The double-tap of firing Monarez and backing new vaccine recommendations motivated more by ideology than science led to the resignations of three other top CDC officials: Chief Medical Officer Deb Houry, Daskalakis, and Dan Jernigan, who led the National Center for Emerging and Zoonotic Infectious Disease.
A key issue for Houry, Daskalakis and Jernigan are the actions Kennedy has taken that align with the views of anti-science activists. Houry told NPR that ethically they couldn't abide the direction the agency is taking, and she said they wanted to time their departures for impact after the news broke that Monarez was being fired.

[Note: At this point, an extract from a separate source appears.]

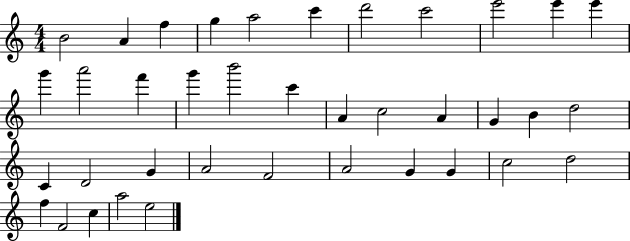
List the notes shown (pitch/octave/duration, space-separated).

B4/h A4/q F5/q G5/q A5/h C6/q D6/h C6/h E6/h E6/q E6/q G6/q A6/h F6/q G6/q B6/h C6/q A4/q C5/h A4/q G4/q B4/q D5/h C4/q D4/h G4/q A4/h F4/h A4/h G4/q G4/q C5/h D5/h F5/q F4/h C5/q A5/h E5/h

Daskalakis' resignation letter went into detail:
I am unable to serve in an environment that treats CDC as a tool to generate policies and materials that do not reflect scientific reality and are designed to hurt rather than to improve the public's health. ... The data analyses that supported this decision have never been shared with CDC despite my respectful requests to HHS and other leadership. This lack of meaningful engagement was further compounded by a "frequently asked questions" document written to support the Secretary's directive that was circulated by HHS without input from CDC subject matter experts and that cited studies that did not support the conclusions that were attributed to these authors. ... We are seven months into the new administration, and no CDC subject matter expert from my Center has ever briefed the Secretary. I am not sure who the Secretary is listening to, but it is quite certainly not to us. Unvetted and conflicted outside organizations seem to be the sources HHS use over the gold standard science of CDC and other reputable sources.
Thursday, CDC employees staged a brief walkout to protest the agency's turn away from science, and to support Monarez and the resigning officials.
The medical community is beginning to adjust to a CDC that can no longer be trusted. For example, numerous non-government medical groups are preparing their own vaccine advice.
Political Pandering. Kennedy owes his position to Donald Trump, so MAHA will always serve MAGA. Trump's EPA has been working entirely counter to Kennedy's long-espoused views, but he has had nothing to say about that.
The Environmental Protection Agency, under Administrator Lee Zeldin, is rolling back rules and regulations that will result in an increase in air pollution, which multiple studies have linked to autism. The agency is in the process of reversing bans on several chemicals, including TCE, one of the solvents associated with the disorder, and has told a federal court it won't legally defend certain aspects of a ban on methylene chloride, another of the solvents linked to autism. It also began dismantling its Office of Research and Development, which has funded research into the environmental conditions contributing to autism.
It is hard to escape the conclusion that RFK Jr. does not actually care about the things he says he cares about, but simply wants the spotlight and a position of power.
He has also gone along with the Trump administration's anti-DEI mandates, which have been interpreted to blackball research into the ways that women's health is different from men's, or racial factors that affect illness. Both are legitimate areas of research, but can't be discussed in the current political environment.
This is where we find ourselves: with current public health practices and future medical research controlled by one man who is as opinionated as he is ignorant: the American Lysenko.